This column focuses on
1) two classes of graph databases – Property and Semantic
2) how Property and Semantic graph databases differ and
3) graph database common use cases. It is important to understand what Property and Semantic graph databases are before understanding where they differ.
Property
Graph Database
A Property
Graph Database is an attributed, multi-relational graph where:
- The edges are labeled
- Both vertices and edges can have any number of key/value properties associated with them
- Graph databases are more complex compared to the standard single-relational graphs
Each node
represents a single person who is connected with others through relationships.
Figure 1 shows:
- John works with Jane
since year 2000.
Semantic
Graph Database
- A Semantic Graph Database is a Triplestore:
- It is made up of semantic triples in the form of Subject-Predicate-Object.
- It is capable of integrating heterogeneous data from many sources.

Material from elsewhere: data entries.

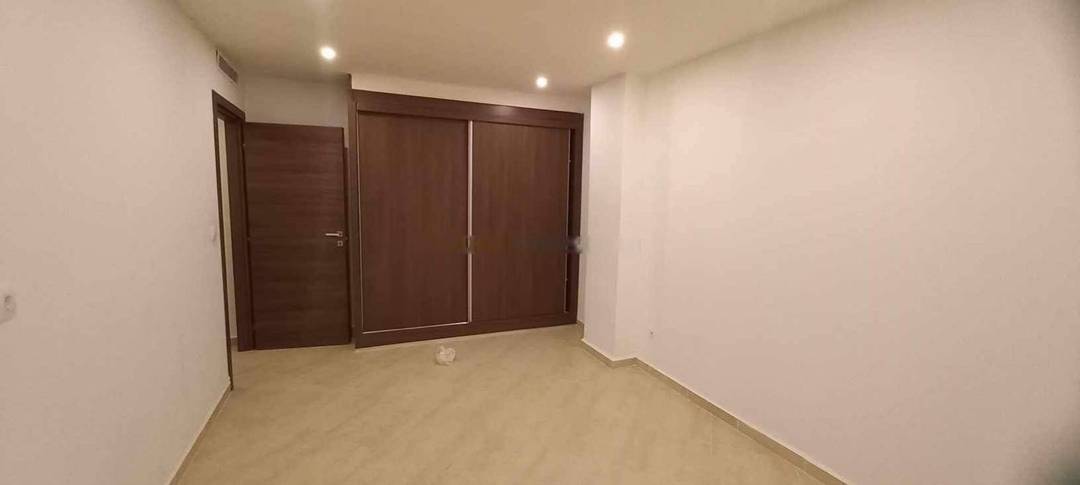 Vente Appartement F4 Cheraga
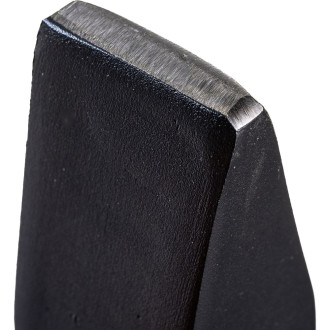 Молоток KING TONY 7823-10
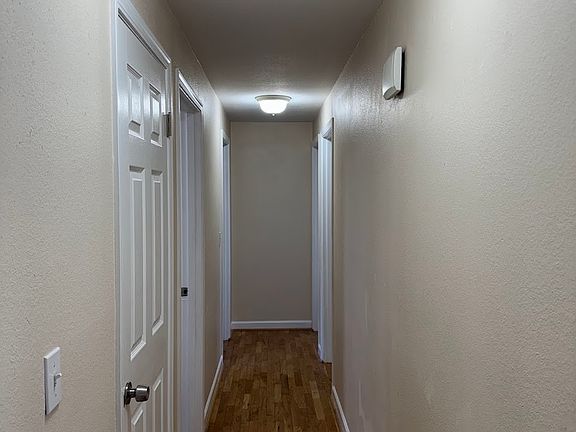 2nd image of 1114 143rd St SW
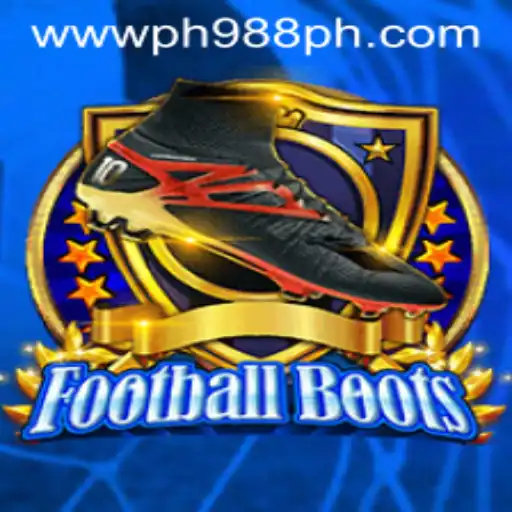 The Exciting World of FootballBoots: Understanding the PH988.PH Phenomenon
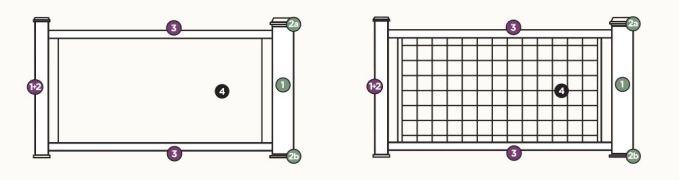 trex-signature-railing-step-process-glass-mesh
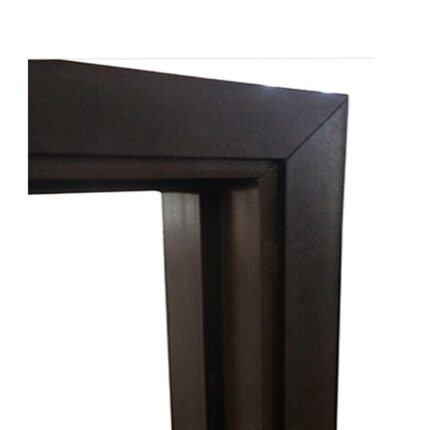 วงกบประตู WPC Supframe Bestwood - วงกบ ประตู หน้าต่าง กระบี่ | PS HOME KRABI ราคาถูก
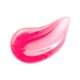 thumbnail image 2 of Brillo de labios COVERGIRL Clean Fresh Yummy Gloss Sheer Vegan, 2 of 6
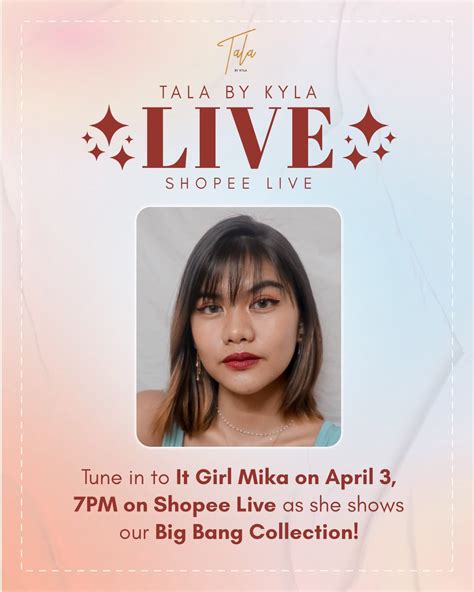 Tala By Kyla On Twitter Lets Meet Again When The Flowers Bloom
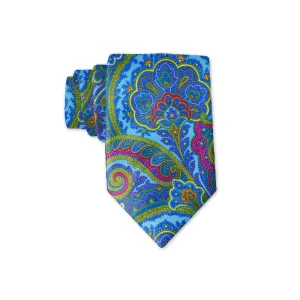 Bluefield Bay - Kids' Neckties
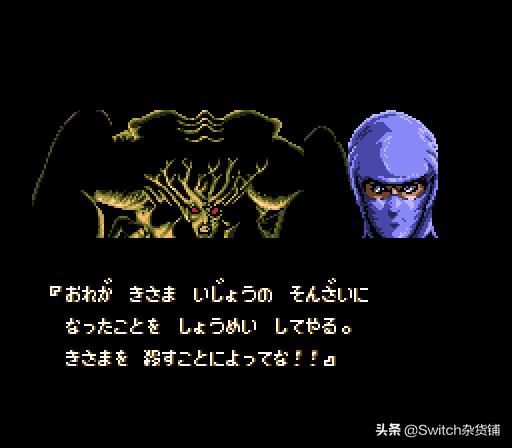 最好玩的游戏机游戏排行前十,我玩过的游戏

- It is a type of NoSQL graph database.
Figure 2 shows:
- Lion eats Deer
- Deer is a Mammal
- Human is a Mammal
- Mammals are Living things
- Car is a Non-Living thing
- Phone is a Non-Living thing
- Laptop is a Non-Living thing
- Human is not a Non-Living thing; but a human uses
Non-Living things - Living and Non-Living things are part of Eco-System
Property vs
Semantic Graph Databases
The following section highlights areas where Property and Semantic graph
databases differ.
Standards Adherence/Compliance
- Property graph
databases use emerging Ad Hoc standards which apply to structure, properties, metadata,
etc. - Semantic graph
databases use W3C standards.
Schema
- Property graph
databases are schema-based with the need to define all types, properties, and
values upfront. - Semantic graph
databases are schema-less.
Query Language
- A query language
is still in development for property graph databases. Cypher is an evolving
query language for property graph databases, provided by Neo4j. - Full query
languages like SPARQL are similar to SQL with query optimization and are
available for semantic graph databases.
String Length
- Property graph
databases avoid long strings. - Semantic graph
databases are optimized to deal with arbitrary length strings (Example: URLs).
Disparate Data
- Property graph
databases require effort to share disparate data. - Semantic graph
databases are built to link disparate data.
Linked Open Data
- It is very hard
to read linked open data when using property graph databases. - Semantic graph
databases are built to read linked open data.
Graph
Databases Common Use Cases
One of the biggest data challenges faced in
today’s world is not about how to handle disparate data but how to connect data
using the technologies available. Graph databases provide one solution for this
challenge. Here are some common use cases:
Social Networks
Social networking databases tend to store and
pull information that is connected but also not uniform. These databases are
focused more on building a network among users (“objects”) rather than neatly
storing data in tables. The relationships among those users can be friends,
friends of friends, coworkers, common interests, etc. which in turn make
everything even more complex.
Metadata Management
Graph databases offer the fundamental solid
foundation and processes needed to manage and gain benefits from enterprise
data. It is robust at modelling the complex relationships between
mission-critical data assets and answering data stewards’ questions. When the
business is in need of answers, it also needs to know the level of confidence
in the information that is provided. Graph databases enable a way to quickly
explore and measure trust to understand the data asset with confidence. Graph
database technology has proven effective in mastering information
across hundreds of data sources and it continues to gather pace as part of a
robust metadata management strategy.
Fraud Detection
Enterprise organizations rely on graph
database technology to strengthen their fraud detection capabilities to prevent
a variety of financial crimes like credit card fraud, insurance fraud, etc.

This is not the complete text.